Skip the pictures, and retype the data below in full, exactly.

_Supplied data_
────────────────

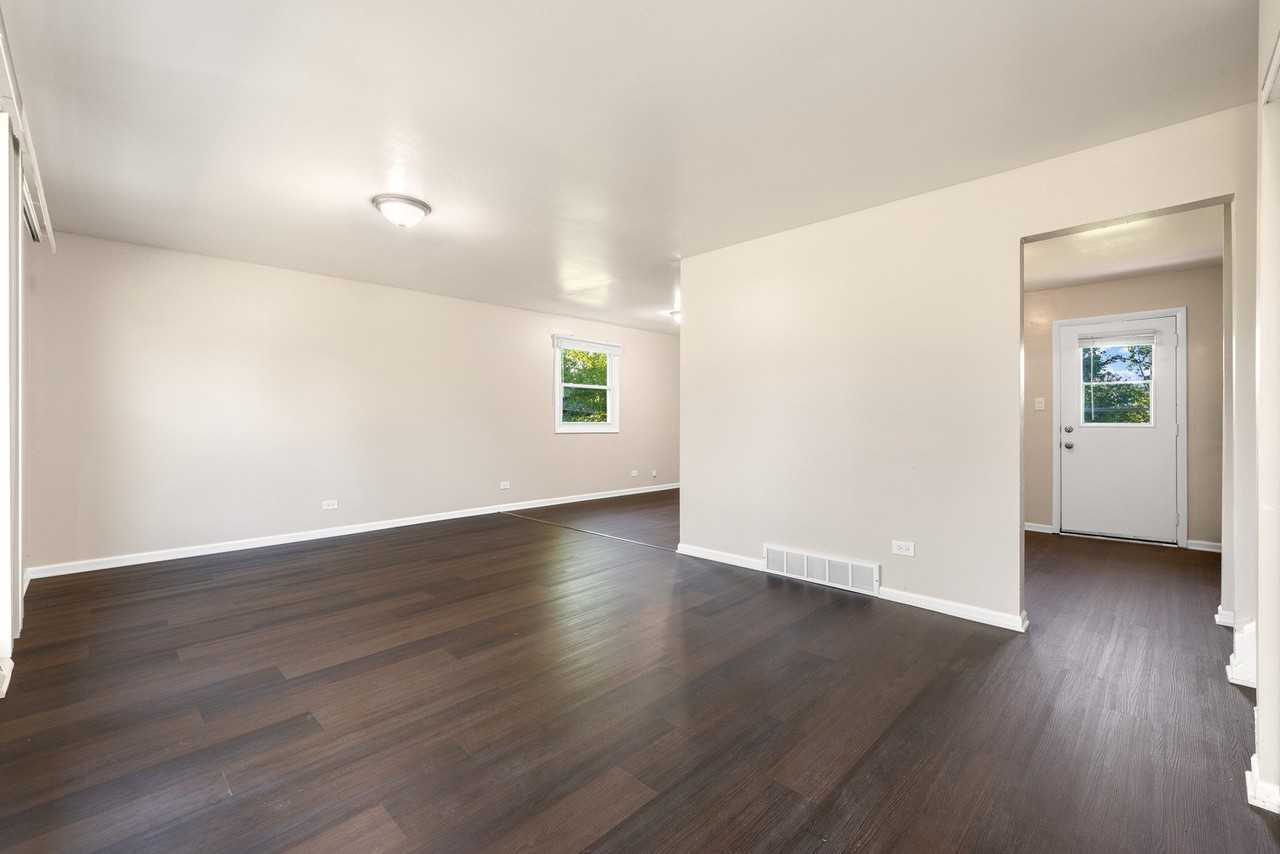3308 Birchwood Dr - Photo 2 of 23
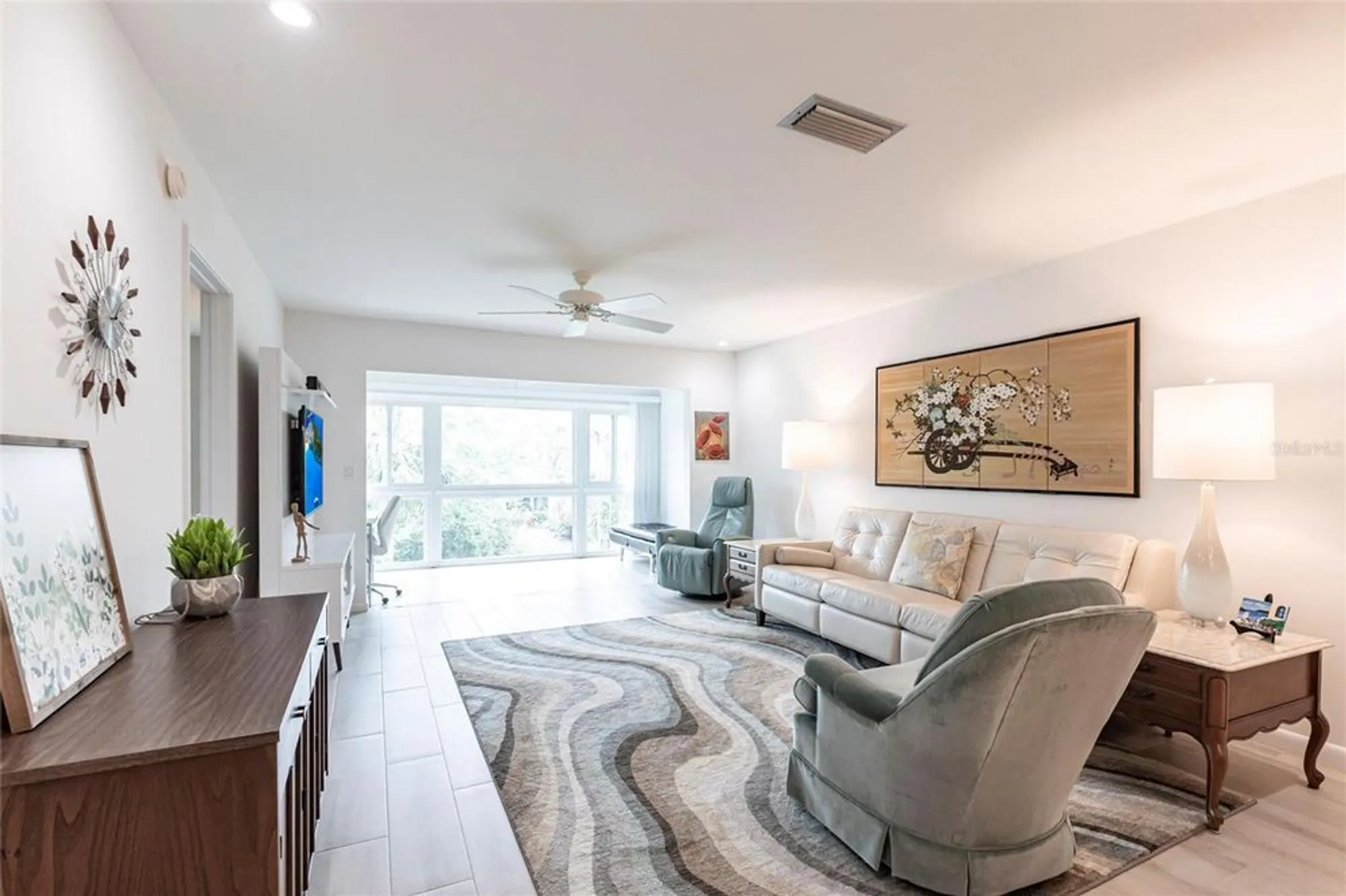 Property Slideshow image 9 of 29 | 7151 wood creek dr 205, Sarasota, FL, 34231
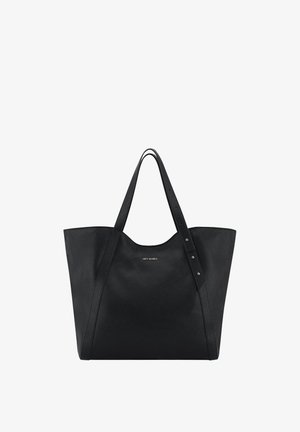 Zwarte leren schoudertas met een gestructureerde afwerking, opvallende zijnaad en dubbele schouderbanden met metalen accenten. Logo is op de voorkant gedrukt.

────────────────

_Task result_
3308 Birchwood Dr - Photo 2 of 23
 Property Slideshow image 9 of 29 | 7151 wood creek dr 205, Sarasota, FL, 34231
 Zwarte leren schoudertas met een gestructureerde afwerking, opvallende zijnaad en dubbele schouderbanden met metalen accenten. Logo is op de voorkant gedrukt.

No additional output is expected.